Bush also envisaged the “new profession of trailblazers” who create trails for other memex users, thus enabling sharing and exchange of knowledge. The memex was designed as a personal desktop machine, where information is stored locally on the machine. Trigg (3) emphasizes that Bush views the activities of creating a new trail and following a trail as being connected. Trails can be authored by trailblazers based on their experience and can also be created by memex, which records all user navigation sessions. In his later writings on the memex, published in Ref. 4, Bush revisited and extended the memex concept. In particular, he envisaged that memex could “learn from its own experience” and “refine its trails.” By this, Bush means that memex collects statistics on the trails that the user follows and “notices” the ones that are most frequently followed. Oren (5) calls this extended version adaptive memex, stressing that adaptation means that trails can be constructed dynamically and given semantic justification; for example, by giving these new trails meaningful names.

The term hypertext (6) was coined by Ted Nelson in 1965 (7), who considers “a literature” (such as the scientific literature) to be a system of interconnected writings. The process of referring to other connected writings, when reading an article or a document, is that of following links. Nelson's vision is that of creating a repository of all the documents that have ever been written thus achieving a universal hypertext. Nelson views his hypertext system, which he calls Xanadu, as a network of distributed documents that should be allowed to grow without any size limit, such that users, each corresponding to a node in the network, may link their documents to any other documents in the network. Xanadu can be viewed as a generalized memex system, which is both for private and public use. As with memex, Xanadu remained a vision that was not fully implemented; a mockup of Xanadu's linking mechanism is shown in Fig. 1.2. Nelson's pioneering work in hypertext is materialized to a large degree in the Web, since he also views his system as a means of publishing material by making it universally available to a wide network of interconnected users.

Douglas Engelbart's on-line system (NLS) (8) was the first working hypertext system, where documents could be linked to other documents and thus groups of people could work collaboratively. The video clips of Engelbart's historic demonstration of NLS from December 1968 are archived on the Web,1 and a recollection of the demo can be found in Ref. (9); a picture of Engelbart during the demo is shown in Fig. 1.3.

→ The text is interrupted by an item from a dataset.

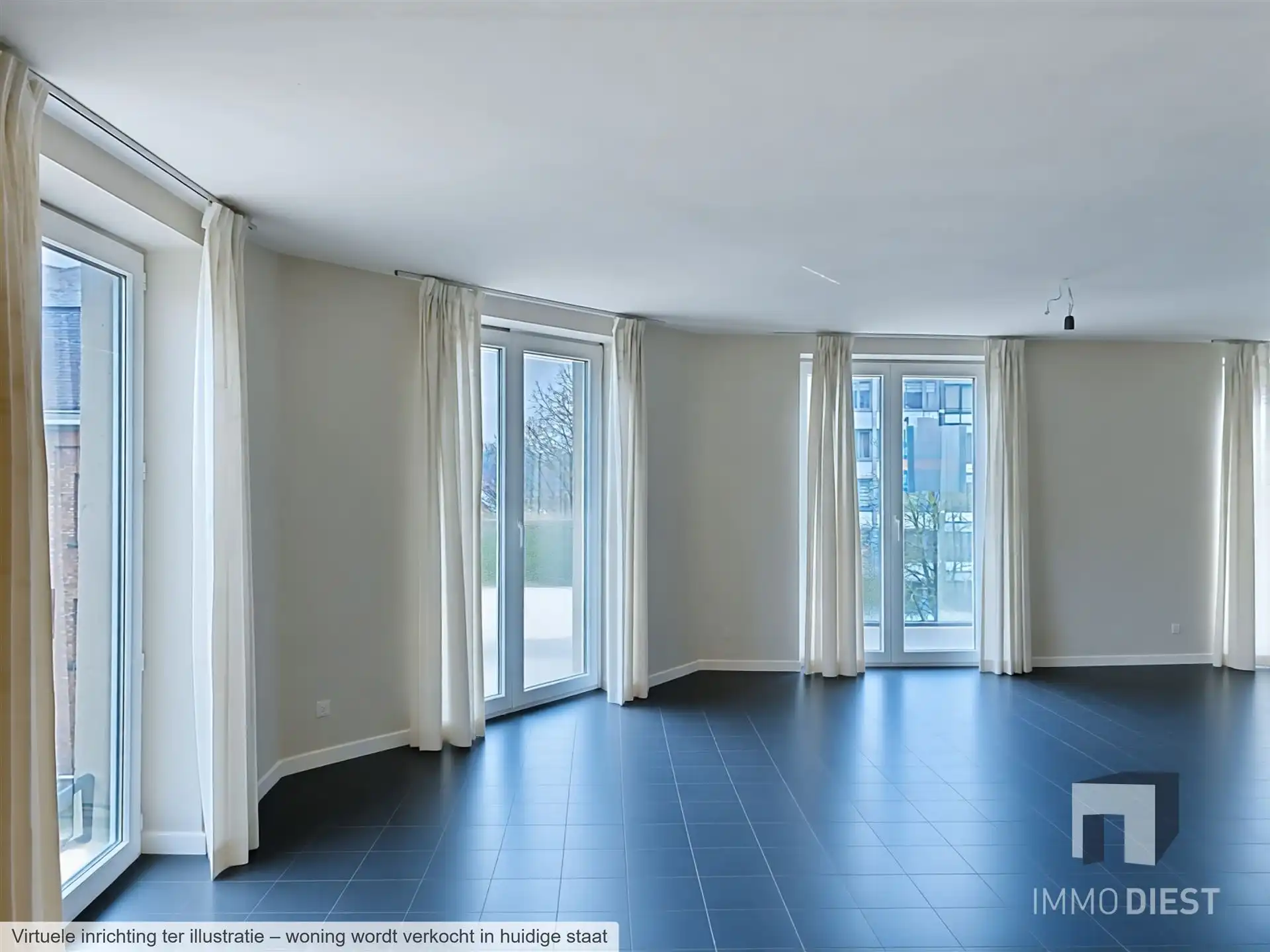 Duplex appartement met 2 slpks in centrum Diest foto 3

About 30 years later in 1990, Tim Berners-Lee—then working for Cern, the world's largest particle physics laboratory—turned the vision of hypertext into reality by creating the World Wide Web as we know it today (10).2

The Web works using three conventions: (i) the URL (unified resource locator) to identify web pages, (ii) HTTP (hypertext transfer protocol) to exchange messages between a browser and web server, and (iii) HTML (hypertext markup language) (11) to display web pages. More recently, Tim Berners-Lee has been promoting the semantic web (12) together with XML (extensible markup language) (13), and RDF (resource description framework) (14), as a means of creating machine understandable information that can better support end user web applications. Details on the first web browser implemented by Tim Berners-Lee in 1990 can be found at www.w3.org/People/Berners-Lee/WorldWideWeb.

The creation of the Mosaic browser by Marc Andreessen in 1993 followed by the creation of Netscape early in 1994 were the historic events that marked the beginning of the internet boom that lasted throughout the rest of the 1990s, and led to the mass uptake in web usage that continues to increase to this day. A screenshot of an early version of Mosaic is shown in Fig. 1.4.

Many of the methods used by current search engines can be traced back to the developments in IR during the 1970s and 1980s. Especially influential is the SMART (system for the mechanical analysis and retrieval of text) retrieval system, initially developed by Gerard Salton and his collaborators at Cornell University during the early 1970s (16). An important treatment of the traditional approaches to IR was given by Keith van Rijsbergen (17), while more modern treatments with reference to the Web can be found in Refs 18, 1...